Chambers replied, “Certainly I wouldn't have a motive which would involve destroying my own career.” He had come forward out of necessity, he said, as a kind of duty to warn his country of the scope, strength, and danger of the Communist conspiracy in the United States. It would be a great pity if the nation continued to look upon this case as simply a clash of personalities between Hiss and himself. Much more was at stake than what happened to either of them as individuals. Turning to me, he said with great feeling, “This is what you must get the country to realize.”

The visit was not too productive in obtaining any additional information about his relationship with Hiss. But one incident occurred to confirm my conviction that when he spoke of Hiss, he was talking about someone he knew rather than someone whose life he had studied. I happened to mention the fact that I was a member of the Society of Friends. He said that he and his family attended the Friends' meeting in Westminster. He recalled that Mrs. Hiss, at the time he knew her, also had been a Friend.

Then his eyes lit up, he snapped his fingers, and he said, “That reminds me of something. Priscilla often used the plain speech in talking to Alger at home.”

I knew from personal experience that my mother never used the plain speech in public but did use it in talking with her sisters and her mother in the privacy of our home. Again I recognized that someone else who knew Priscilla Hiss could have informed Chambers of this habit of hers. But the way he told me about it, rather than what he said, again gave me an intuitive feeling that he was speaking from firsthand rather than second-hand knowledge.

Two days later I asked Bert Andrews to drive with me to Chambers' farm so that I could get his impression as well. Andrews grilled him as only a Washington newspaperman can, and Chambers met the test to Andrews' complete satisfaction. On this visit another small but somewhat significant item came up which seemed to corroborate Chambers' story. I asked him if he had anything in the house which Hiss might have given him during the time that he knew him. Chambers brought out a volume of Audubon prints which he said Hiss had given him one Christmas. As we thumbed through it, he pointed to a drawing of a hooded warbler and said, “As I recall, the Hisses had this in the dining room of one of the houses they lived in.”

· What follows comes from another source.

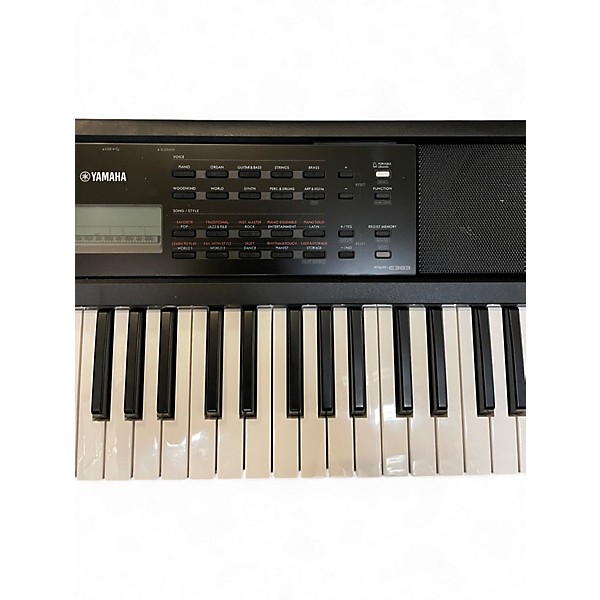 Used Yamaha PSRE383 Portable Keyboard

As a final test, two days before Hiss was to appear on August 16, I asked Bob Stripling to drive to Westminster with me. Stripling had almost a sixth sense in being able to distinguish the professional “Redbaiters” from those who were honestly trying to help the Committee in its work of exposing the Communist conspiracy. He, too, had been convinced by this time that Chambers knew Hiss. But as we drove back to Washington, he made a most perceptive observation: “I don't think Chambers has yet told us the whole story. He is holding something back. He is trying to protect somebody.”

•  •  •

When our Sub-committee met again in executive session in Washington on August 16, we found a very different Alger Hiss from the confident, poised witness who had appeared before us in public session just ten days before. Then he had succeeded in giving the impression of being completely honest and forthright—trying his best to enlighten some clumsy Congressmen who had either been taken in by a vicious maniac or who were fooled in a terrible case of mistaken identity.

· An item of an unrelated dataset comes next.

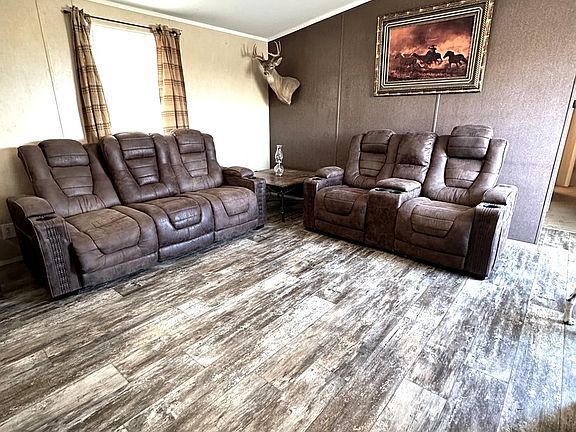 5th image of 111 County Road 2662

Now he was twisting, turning, evading, and changing his story to fit
the evidence he knew we had. Despite our efforts to keep Chambers' testimony of August 7 secret, Hiss had learned that Chambers had been able to give us intimate details of their association together.

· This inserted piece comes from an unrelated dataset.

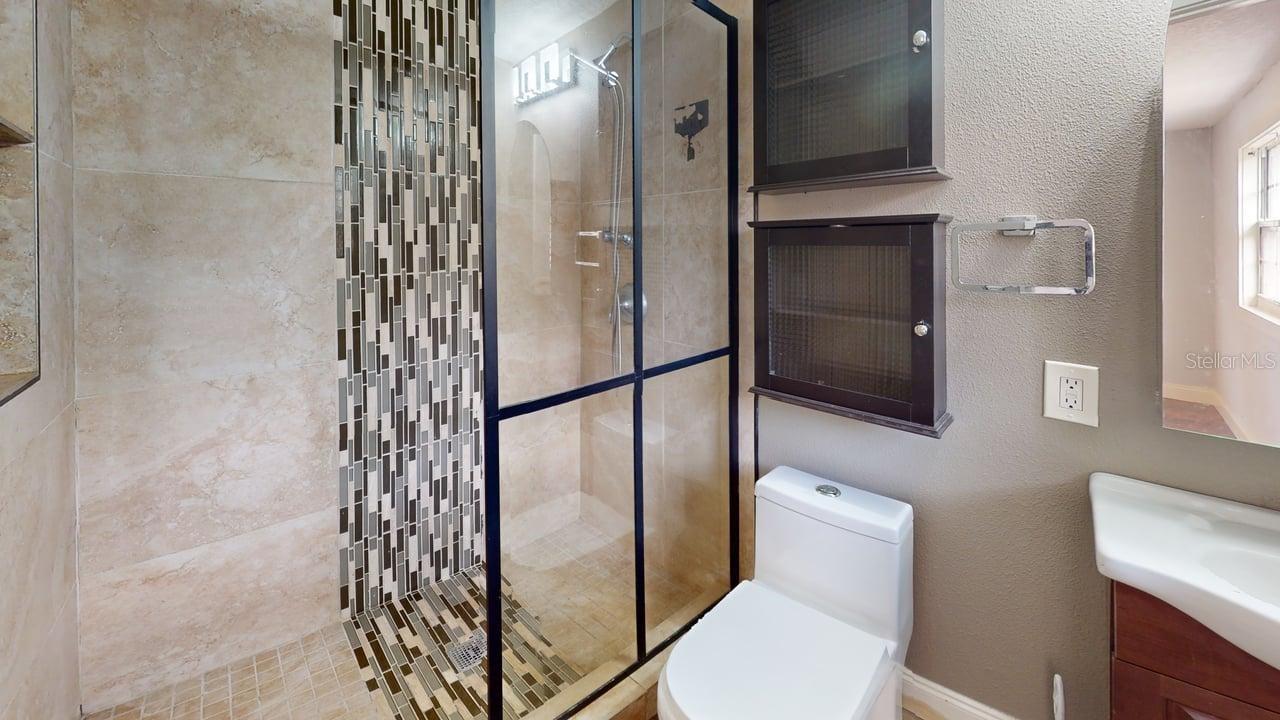 Image 18 of 27 For 2854 Bungalow Boulevard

After a few preliminary questions, I had the Committee clerk show Hiss two pictures of Chambers. Then I asked him: “After looking at those pictures, I ask you if you can remember that person, either as Whittaker Chambers or as Carl or as any other individual you have met.”

Ten days before, he had given everyone at the public hearing the distinct impression that the face was completely unfamiliar to him. Now Hiss was to make the first of several subtle but significent changes in his story. He said: “In the public session when I was shown another photograph of Mr. Whittaker Chambers, I testified that I could not swear that I had never seen the man whose picture was shown me. Actually the face has a certain familiarity—I cannot recall any person with distinctness and definiteness whose picture this is, but it is not completely unfamiliar.”

I continued to question him, trying to widen this first tiny crack in his claim that he did not know Chambers. He fought stubbornly and skillfully every inch of the way and his answers became increasingly lengthy and evasive.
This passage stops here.